Andrew Clemens Sand Art, ca. 1880 | Vintage Hot Springs | Preview

GUEST: Well, it’s a… we’re
not really sure what to call
it, but it’s colored sand in a jar. And it was presented to my
great-grandfather around
the end of the Civil War. He was a sergeant in the Union
army, I believe from New York,
and they moved to Hot Springs after the Civil War
and settled here. And this was a gift from
two of his friends, and it’s
been in my family ever since. APPRAISER: And what
do you do with it now? GUEST: We look at it, it sits on
the bookshelf, and we enjoy it. APPRAISER: Do you keep
it in a safe place? GUEST: No, we keep it high
enough where my four-year-old
granddaughter can’t reach it. APPRAISER: Yeah, please do. Well, let’s start with,
you know, what it is. It is… it’s sand in a jar. But what sand in a jar. It’s an incredible
piece of sand art. Let’s start with who your
great-grandfather was. He didn’t come from New
York, he came from Illinois. GUEST: Close enough. APPRAISER: And he spent most of
his Civil War career in the Hot
Springs, Arkansas, vicinity. The real interesting thing about
this remarkable piece of sand
art, though, is just what you see here. Not only is his name on it,
but on the back you see this
wonderful eagle with the 36-star flag. You spin it around, you see
his name is written in script,
there’s a mortar and pestle. All of this is done with
individual grains of sand. And when you flip it up, the
label on the bottom says,
“Pictured rock and sand by A. Clemens, deaf-mute”
from McGregor, Iowa. While you were sitting back in
the green room, on a whim, while
I was finding out about your grandfather, I went to the
internet and just typed
in “McGregor, Iowa, sand.” And bingo, we got a hit. GUEST: Really? APPRAISER: On A. Clemens,
the guy who made this. When he was five years
old, he had what his family
called “brain fever.” And he went to the deaf-mute
school in Iowa, and would come
home in the summers, and he started going to this
spot on the Mississippi
River in McGregor, Iowa,
and collecting sand, and sort of experimenting
with making these bottles. He used a big fishhook, a
great big oversized fishhook,
and, like, a popsicle stick. And he would take the
sand that he’d collect
along the Mississippi
River, and then he would pack it in this bottle, and
manipulate it with the fishhook. He gained national fame for
making these, and today,
there’s an exhibit on this guy at the Iowa State museum. GUEST: Is that right? APPRAISER: It is a
remarkable piece of folk art. On today’s market, I would guess
that it’s between $4,000 and
$6,000 is what we’d estimate. GUEST: Really? APPRAISER: It might bring
more than that in the right
auction– great piece. GUEST: That’s great.

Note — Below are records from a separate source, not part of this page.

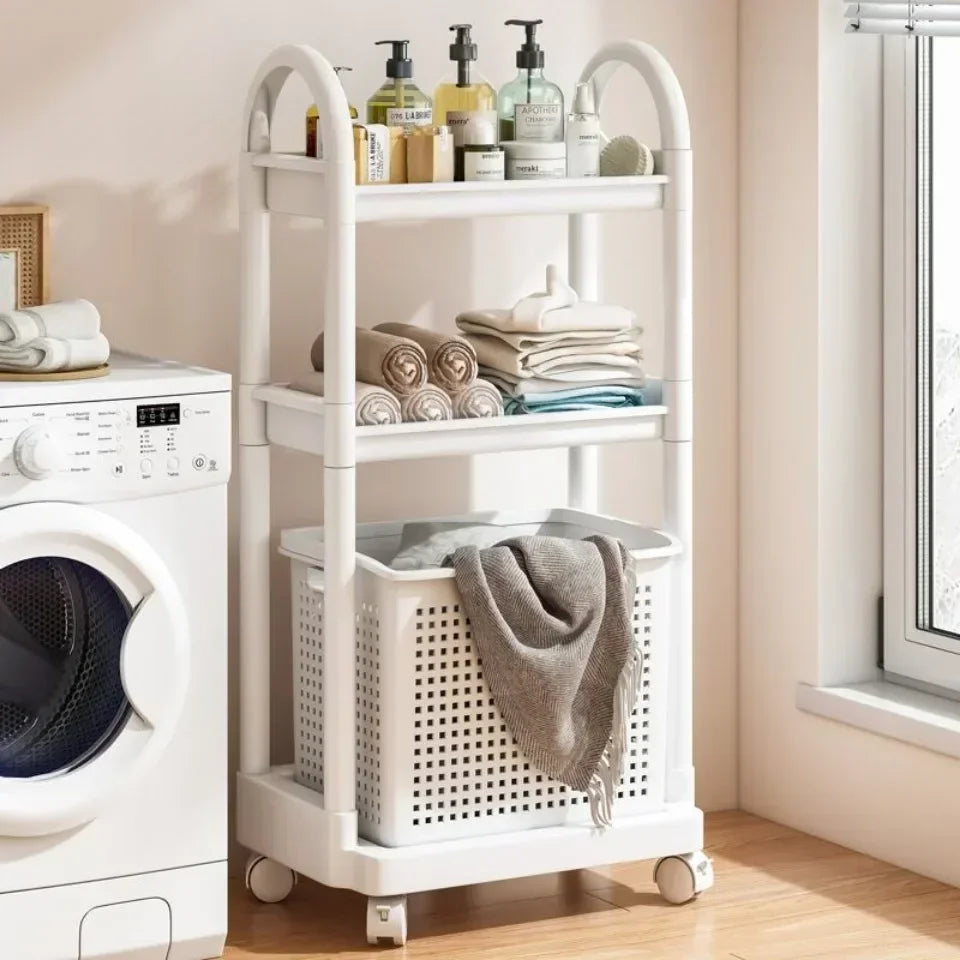 Multi-layer Laundry Basket or Mobile Storage Trolley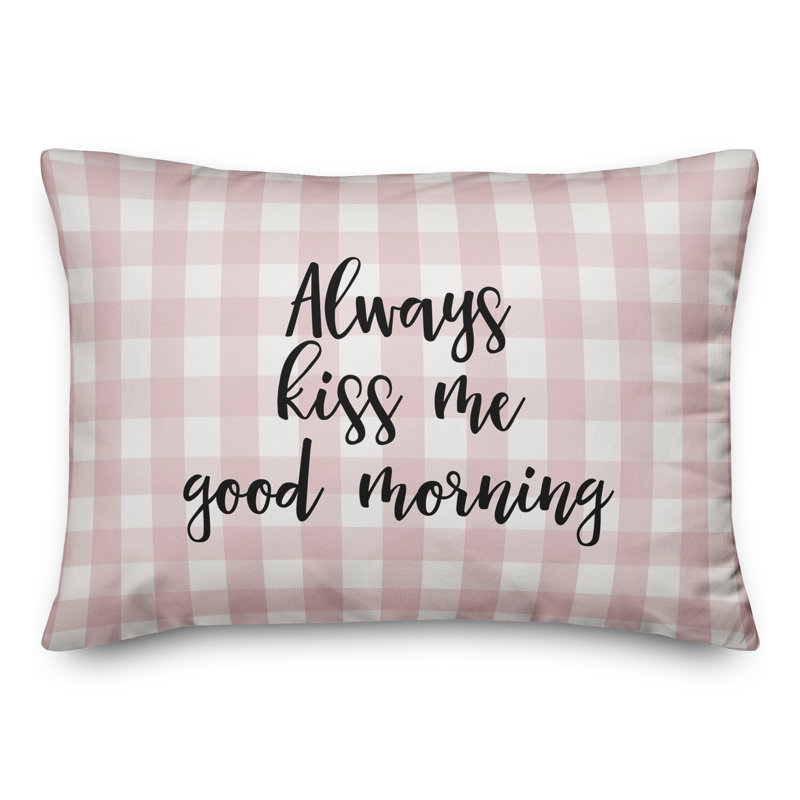  Coussin décoratif "Always Kiss Me Good Morning", Noir / rose
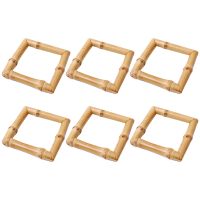 6 Pack Home Dinner Table Serviette Buckles Eye-Catching Bamboo Husk Table Decoration Napkin Rings for Wedding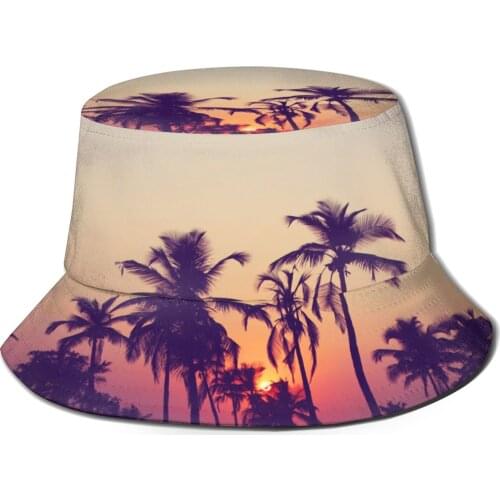 CINESSD Vintage Silhouette Of Palm Trees At Sunset Unisex Casual Sun Hat Bucket Hat for Bob Hip Hop Caps Fisherman Hat Panama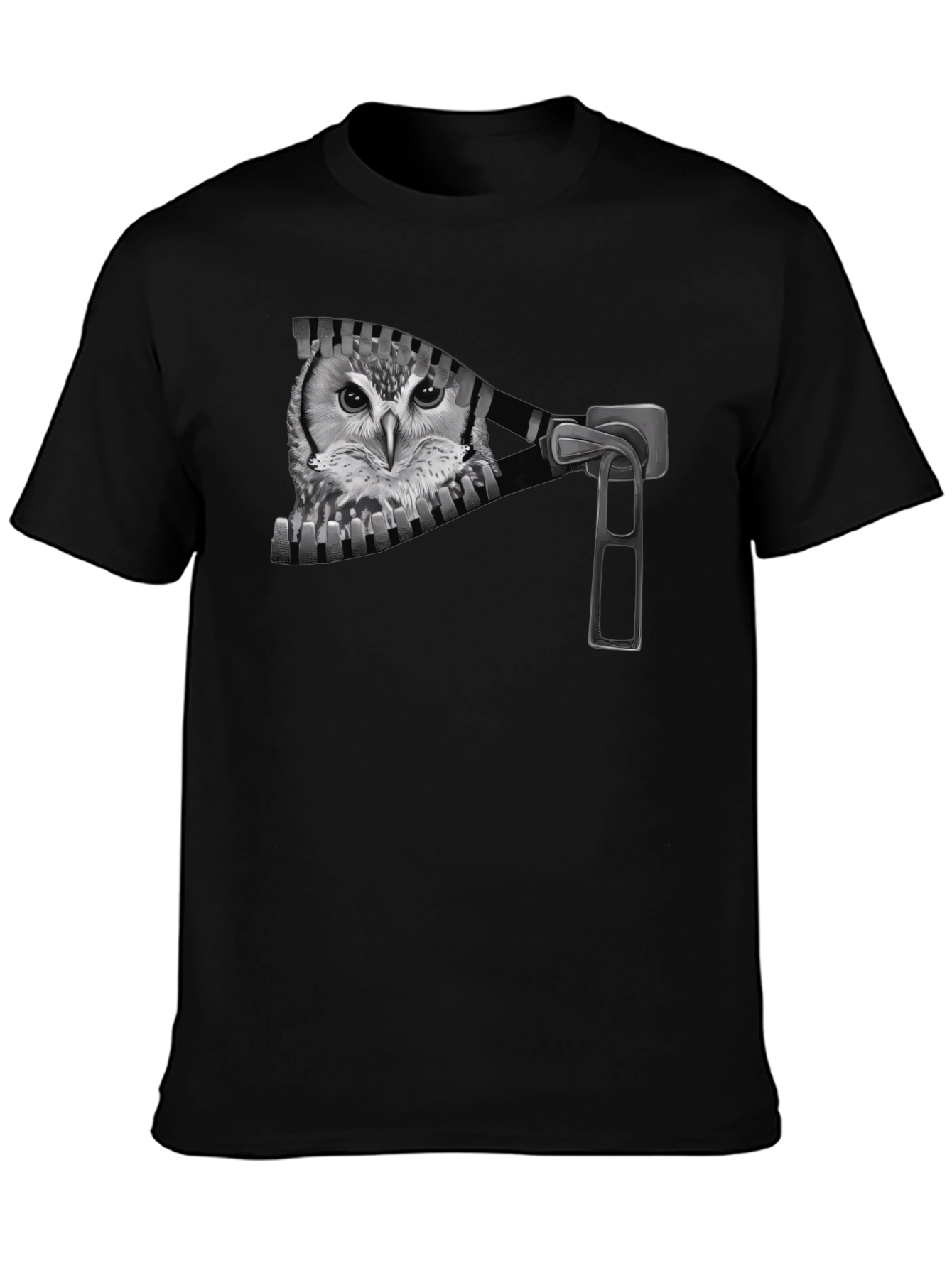 Owl Zip T-Shirt - Mens Graphic Tee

9 thoughts on “Andrew Clemens Sand Art, ca. 1880 | Vintage Hot Springs | Preview

  1. This is amazing! The work and patience it took to create this, manipulating each individual grain of sand into the finished artwork. Incredible.

  2. Love The Roadshow…we get to meet really nice people…..see their treasures…..learn behind the scenes bits…..AND we even get to learn a bit of history on these treasures!!! Love how PBS gives me my Bang for My Buck…and in this day and age that's quite a good appraisal. Cheers Everyone!